On Saturday night, I attended a 10-year reunion dinner for my college’s ballet club, Balance. Little did you know, I am actually an aspiring ballerina. Before I wanted to be a Navy SEAL, I wanted to dance like no one has danced before.
My girlfriend was a member of the group while we were in school and I just tagged along for the free food.
She joined Balance because it met a few of her needs. It was a way to continue dancing as a hobby, it provided an opportunity to meet new friends who had similar interests, it was a creative outlet, etc.
These are all good reasons to join.
The fact that a student organization survived 10 years is quite remarkable. I suspect most new student organizations fail within the first few years, similar to the way most new businesses fail, which, in the broadest term, is usually due to the inability of a business to consistently and sustainably deliver value to customers.
Clearly, Balance did something right.
Naturally, this led me to compare Balance with my religion of the month, Judaism.
Judaism has survived over thousands of years and in a wide variety of (often terrible) circumstances. Jews as a group have been persecuted, exiled, and killed multiple times throughout their history. And yet, they’re still here.
I would find it quite remarkable if Balance survived through similar circumstances. For example, if my alma mater’s administration unfairly blamed Balance for the school’s students’ high post college unemployment level and then decided to disband the group and expel its members, would the group still survive?
Probably not, and it would be a bit absurd to expect Balance to do so. Though I have to say it would make for a pretty good movie.
So why would Judaism survive and Balance wouldn’t? What makes Judaism so robust in the face of oppression?
I have a few theories.
Judaism, seems to have rules for every situation. It gives you guidelines for when and how to pray. It tells you how to rest on the Sabbath. It even tells you how to decorate your doorway.
I’ve been attending Minyan service every morning and a Minyan requires 10 Jews for it to work. Getting 10 people to attend a 7:30 prayer service every morning may seem unrealistic, but the requirement has encouraged people to show up as often as possible. If you know a group is relying on you to do something, wouldn’t you feel more obligated to come?
This past week I noticed it’s generally the same people that attend every day. We didn’t always get 10, but we were never less than 8.
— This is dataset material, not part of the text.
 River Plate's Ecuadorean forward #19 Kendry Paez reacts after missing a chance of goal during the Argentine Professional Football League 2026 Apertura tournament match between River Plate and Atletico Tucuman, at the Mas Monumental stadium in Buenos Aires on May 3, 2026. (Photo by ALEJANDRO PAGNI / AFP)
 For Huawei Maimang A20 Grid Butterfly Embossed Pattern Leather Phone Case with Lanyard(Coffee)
Balance certainly had rituals, but they weren’t sacred.
Meeting human needs
After Shabbat services on Saturday, a woman named Gail introduced herself to me and my girlfriend. I asked her how long she has been a member of the Synagogue and she told us she joined over 20 years ago.
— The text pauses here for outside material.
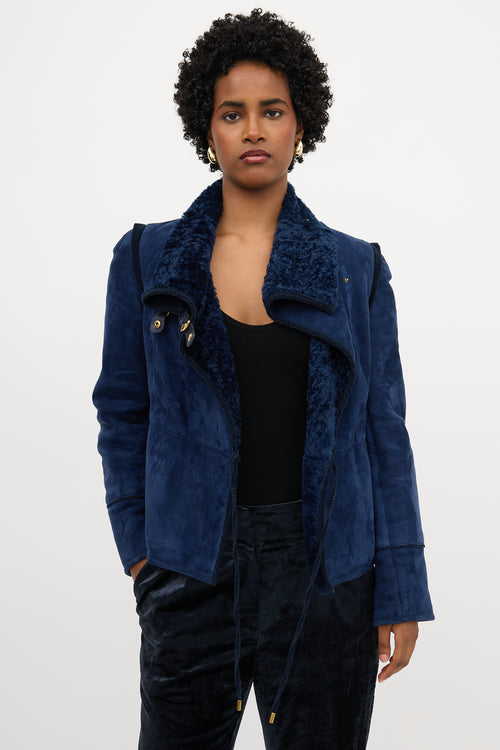 Gucci 2010s Shearling Tie Jacket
At the time, her father was dying and she was going through a divorce. She was in dire need of emotional support, and was looking for a synagogue to provide this emotional support. She eventually found the Agudas Achim synagogue who helped her get through that difficult period of her life. She also met her second husband at this synagogue.
While Balance certainly filled some human needs of its members (friendship, creative outlet, etc.), its mission was limited. The group doesn’t aspire to care for the souls of its members; it simply provides a way for students to participate in ballet at school.
Judaism strives to meet all human needs. It gives guidelines on how to make meaningful contributions to the world, how to support others (and be supported), how to enrich your spiritual life, how to find work-life balance, and even how to eat.
For many, Judaism is not the whole package. It can’t offer them everything. But the point is not that it doesn’t always do so for everyone, but that it can and tries to.
Membership is forever
Balance is a student group. As a result, when you are no longer a student, you are no longer a (active) member of the group. When the students become graduates, they cease to participate in Balance activities.
Judaism, by contrast, offers life long opportunities to participate. At times, Jews may drift away from their faith. In fact, it isn’t uncommon to find self-declared Jewish atheists who still attend Yom Kippur services.
But there is always an opportunity to come back to it. Your association with Judaism doesn’t end simply because you move to a new city, or get a new job, or graduate college. There is always an opportunity to participate in Jewish life, to join and rejoin the community.
Any group that wants to survive a lifetime needs to offer lifelong membership.
There are certainly other factors I’m ignoring that have contributed to Judaism’s survival over thousands of years, but I think the ones I mentioned provide a good start to understanding what helps communities survive.